V8 is embedded into Node, and does all the JS work, including the memory management. V8 like many ‘interpreted’ lanaguages uses a ‘heap’ for dynamic memory allocation and has a garbage collection (GC) system to recover no longer required memory.

In an HA environment with NR as an addon, the NR addon release is based on a version of Node which in turn includes a version of V8. NR is run in a Docker container, using the base Linux operating system.
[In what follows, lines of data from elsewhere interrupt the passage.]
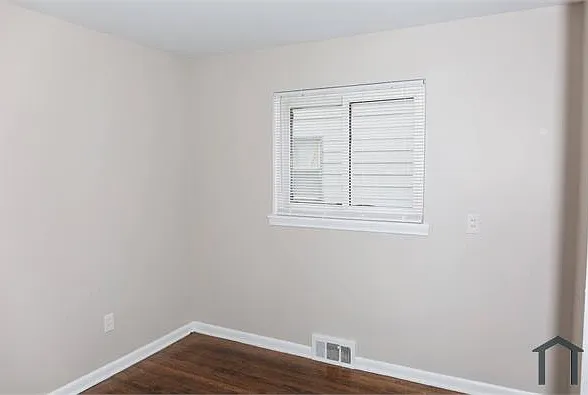 11280 Dodge Ave — Photo 7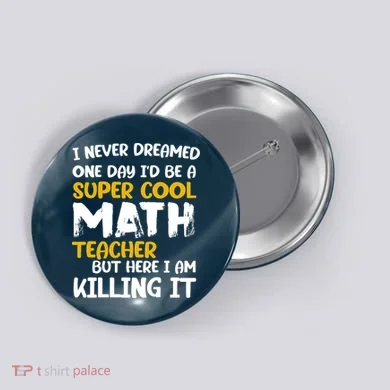 Button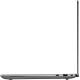 Ноутбук HP ZBook Ultra G1a (C8CL7ES)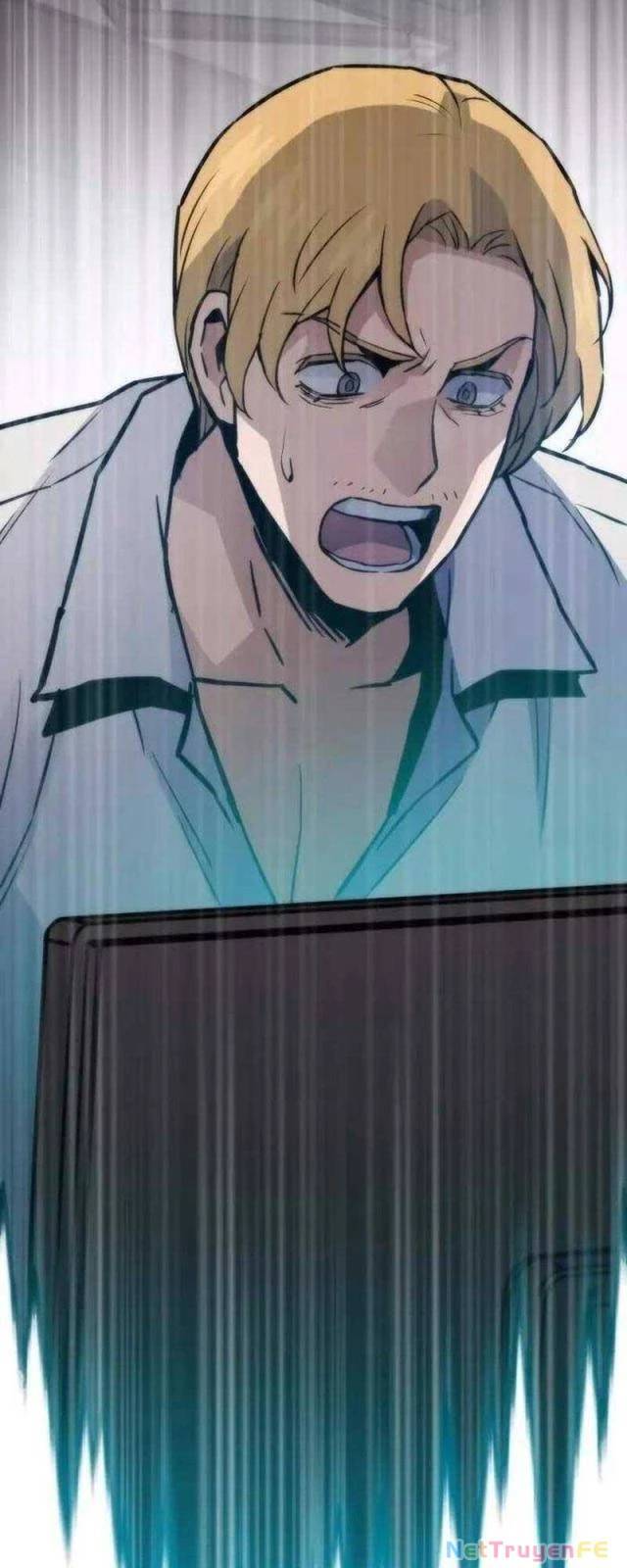 Hồi Quy Giả - Chapter 99 - Page 12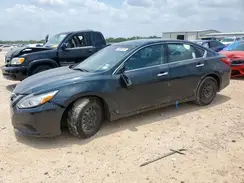 1N4AL3AP7HN313107 2017 NISSAN ALTIMA
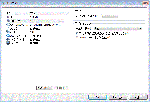 0002_07.gif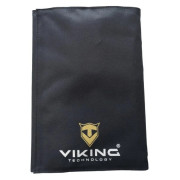 Solarmodul Viking Technology SP28W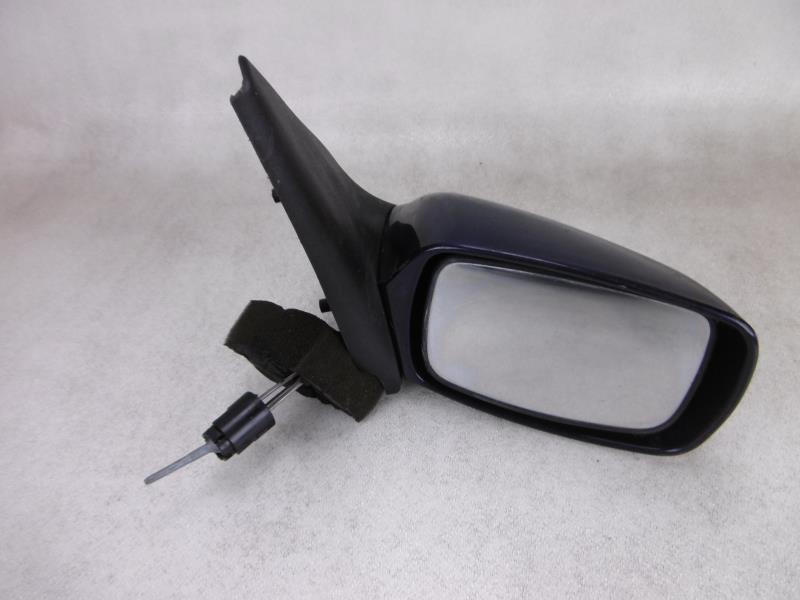 Retrovisor derecho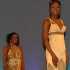 miss_tnt_uk_2008-163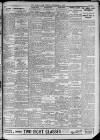 North Star (Darlington) Friday 01 September 1916 Page 7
How does V8 memory and garbage collection work?
This is the long and complicated bit!

For an overview, the following has most of the details. https://v8.dev/blog/trash-talk

I have also found the following informative. https://jayconrod.com/posts/55/a-tour-of-v8-garbage-collection

JavaScript started life as a simple interpreted language (script) to run just on client web-browsers. To this end it uses self-managed memory with a garbage collector. Compiled languages such as C# often require the programmer to allocate and de-allocate (recover) memory. In a compiled language, the compiler can typically see all the required variables, their size and enclosing scope up-front. The compiler at compile time allocates space for variables, and the execution code only has to deal with dynamic length variables such as strings and variable size arrays. These all go on a ‘heap’, entirely managed by the programmer.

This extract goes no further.